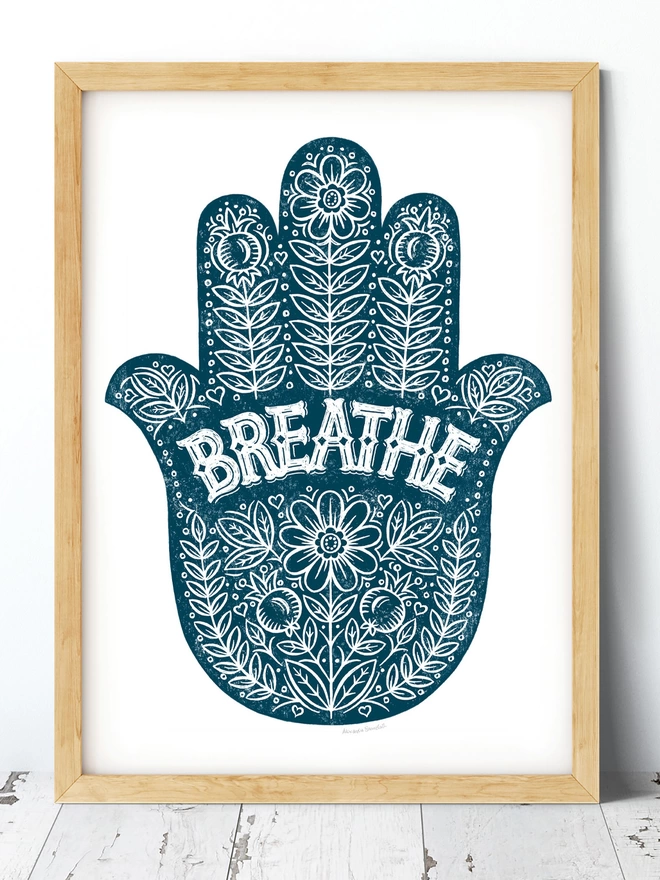 blue and white breathe yoga hand print in wood frame on white wash floor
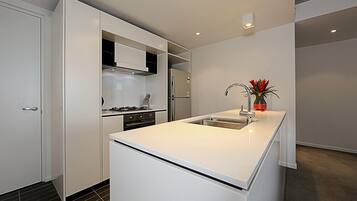 Apartment, 1 Queen Bed | Private kitchen | Fridge, microwave, stovetop, dishwasher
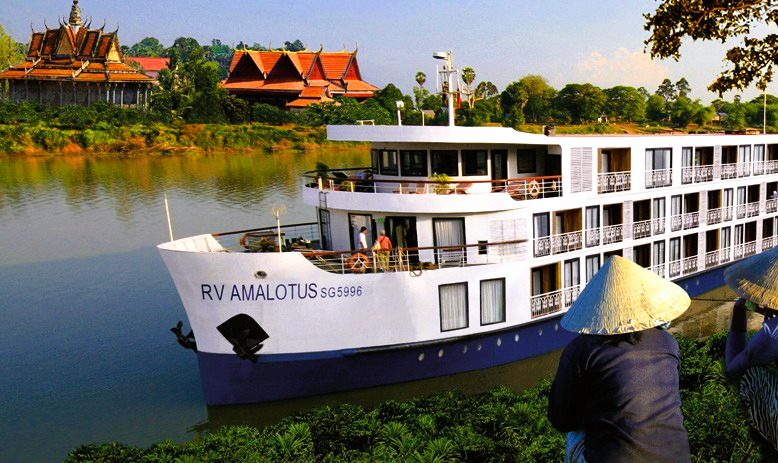 RV Amalotus river cruise boat on a river in Southeast Asia, with a person in a conical hat in the foreground.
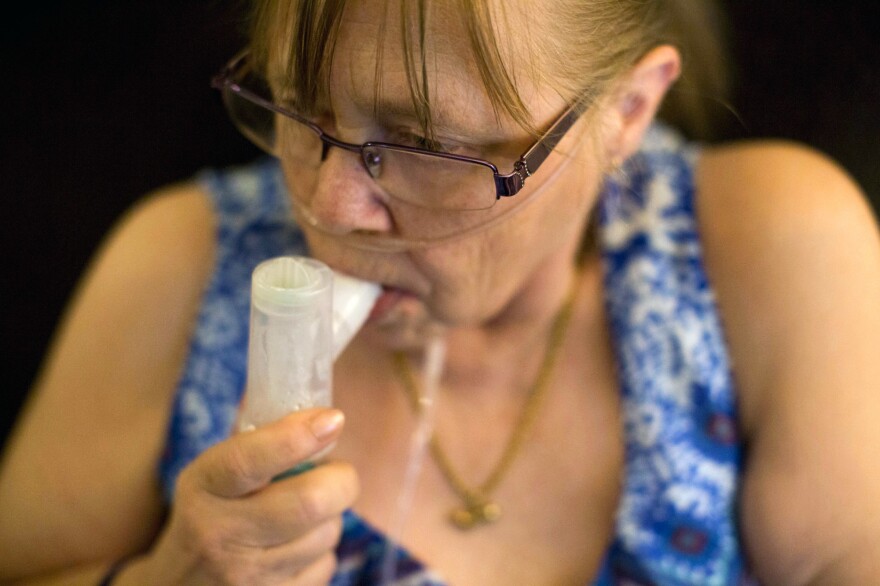 Juanita Milton, who suffers from COPD, uses her nebulizer with albuterol sulfate at her home in Live Oak, Texas.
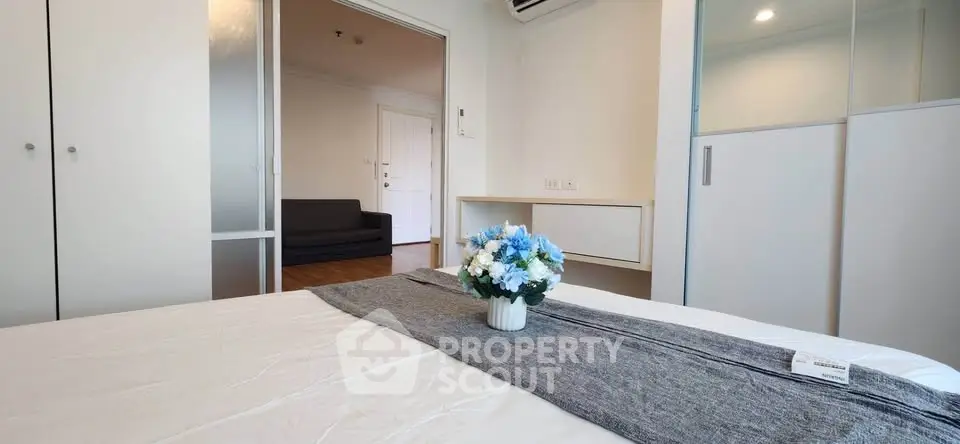 Modern bedroom with stylish decor and ample storage in a cozy apartment.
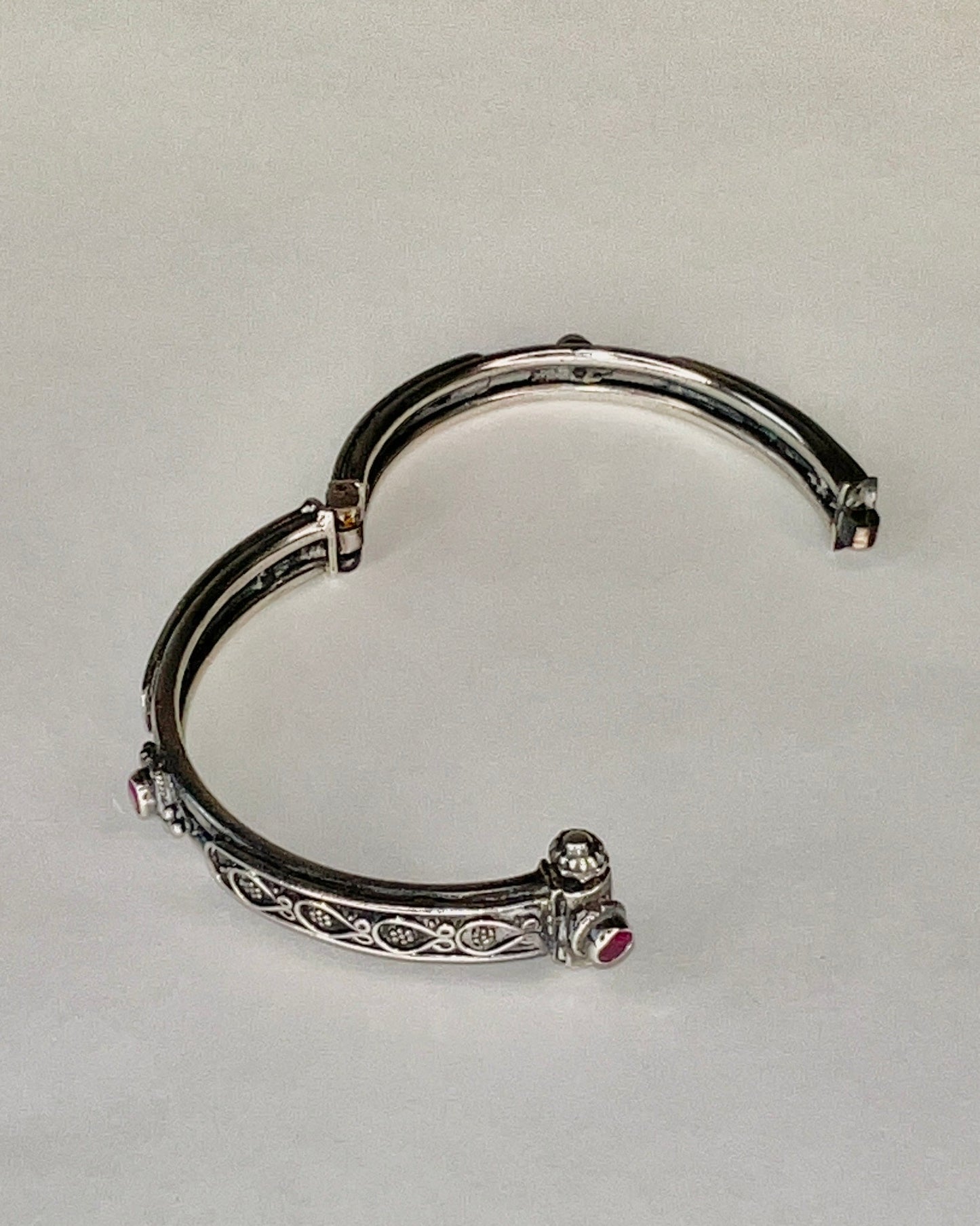 hinged floral bangle with rubies and pin closure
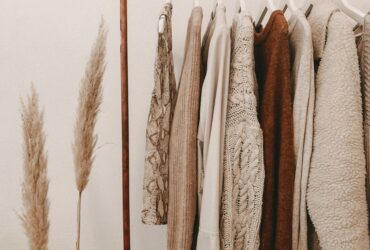 Sustainable clothing rack with neutral outfits for best sustainable fashion brands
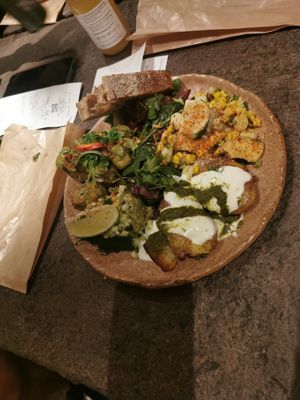 Herb tofu with smashed potatoes, quacamole and sweet corn at Honest Greens - Gran Via in Madrid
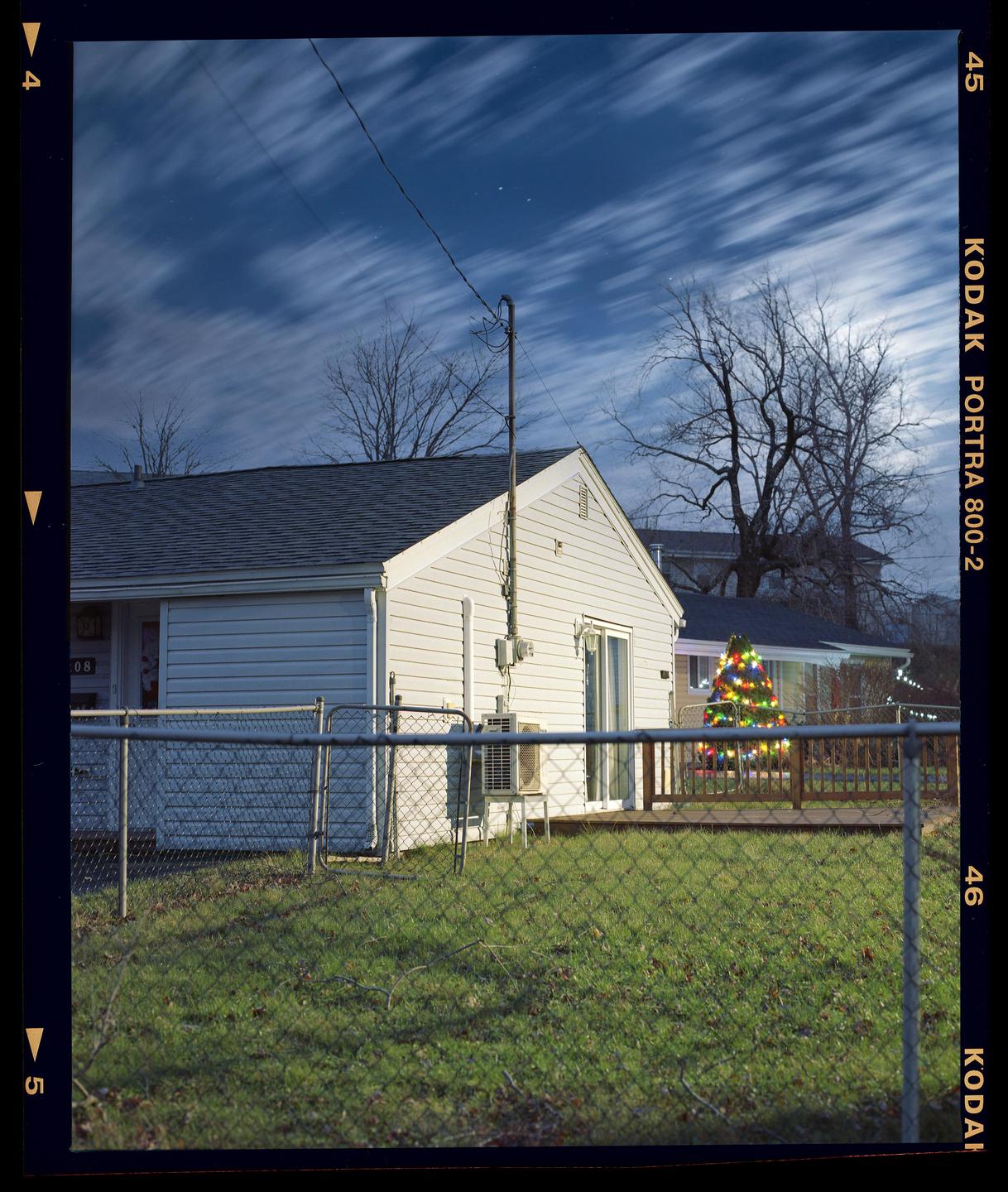 A white house with a chain link fence in the foreground is visible under a cloudy night sky, with a decorated Christmas tree in the background.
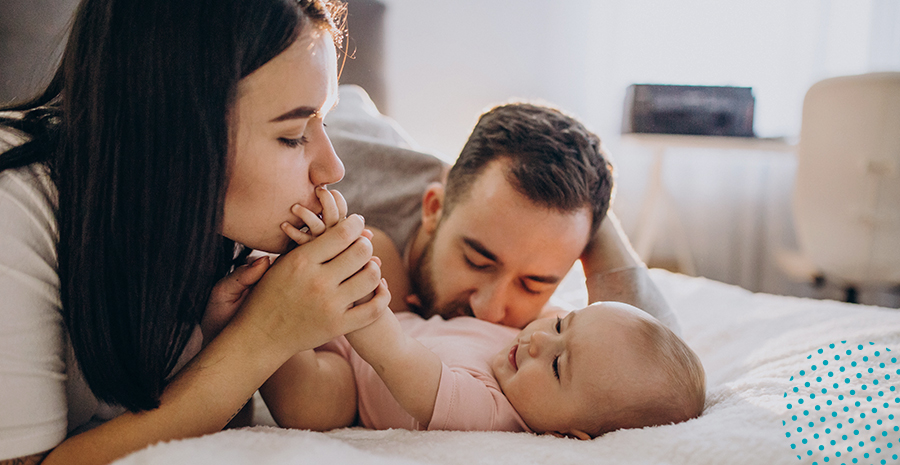 imagem de uma mulher e um homem beijando um bebê deitado em uma cama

*-*-*

Action item ▸ Give all of the material again, exactly, apart from the pictures.

Task solution ▸
 blue and white breathe yoga hand print in wood frame on white wash floor
 Apartment, 1 Queen Bed | Private kitchen | Fridge, microwave, stovetop, dishwasher
 RV Amalotus river cruise boat on a river in Southeast Asia, with a person in a conical hat in the foreground.
 Juanita Milton, who suffers from COPD, uses her nebulizer with albuterol sulfate at her home in Live Oak, Texas.
 Modern bedroom with stylish decor and ample storage in a cozy apartment.
 hinged floral bangle with rubies and pin closure
 Sustainable clothing rack with neutral outfits for best sustainable fashion brands
 Herb tofu with smashed potatoes, quacamole and sweet corn at Honest Greens - Gran Via in Madrid
 A white house with a chain link fence in the foreground is visible under a cloudy night sky, with a decorated Christmas tree in the background.
 imagem de uma mulher e um homem beijando um bebê deitado em uma cama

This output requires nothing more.